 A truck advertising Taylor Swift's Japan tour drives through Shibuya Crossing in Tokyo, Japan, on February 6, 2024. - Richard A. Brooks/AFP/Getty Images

--------------------

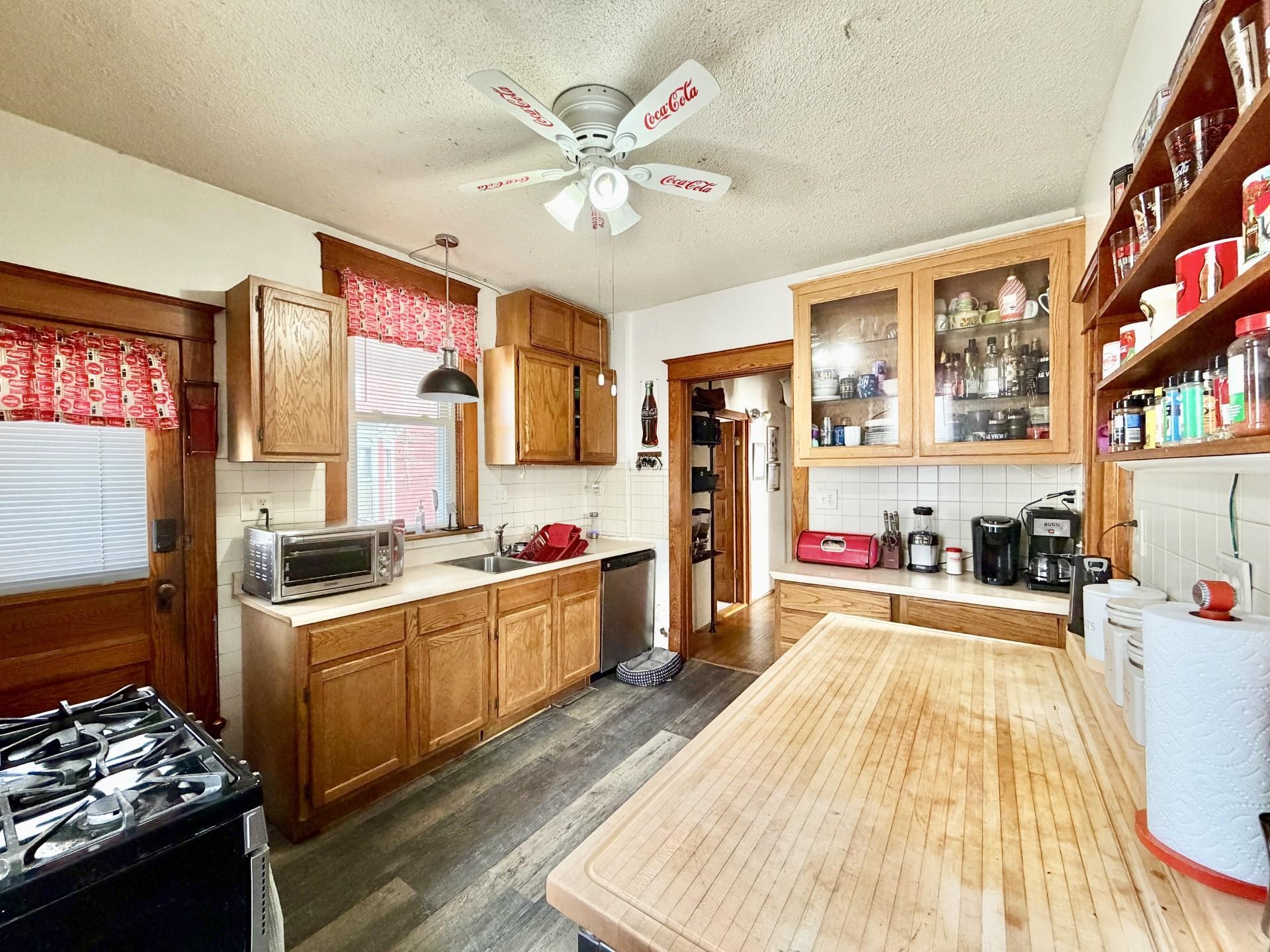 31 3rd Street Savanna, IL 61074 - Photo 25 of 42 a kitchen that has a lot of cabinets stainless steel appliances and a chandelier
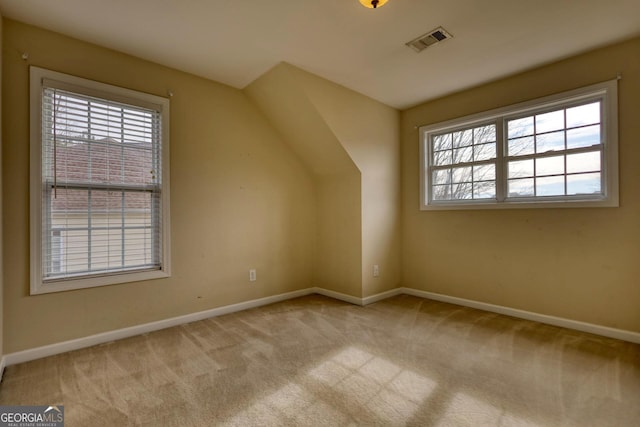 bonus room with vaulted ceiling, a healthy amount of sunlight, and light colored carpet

--------------------

# Task requirements:
Reproduce the listing above from the line that holds "31 3rd Street" through the line that holds "bonus room with", both included, with the pictures left out.

# Exercise answer:
 31 3rd Street Savanna, IL 61074 - Photo 25 of 42 a kitchen that has a lot of cabinets stainless steel appliances and a chandelier
 bonus room with vaulted ceiling, a healthy amount of sunlight, and light colored carpet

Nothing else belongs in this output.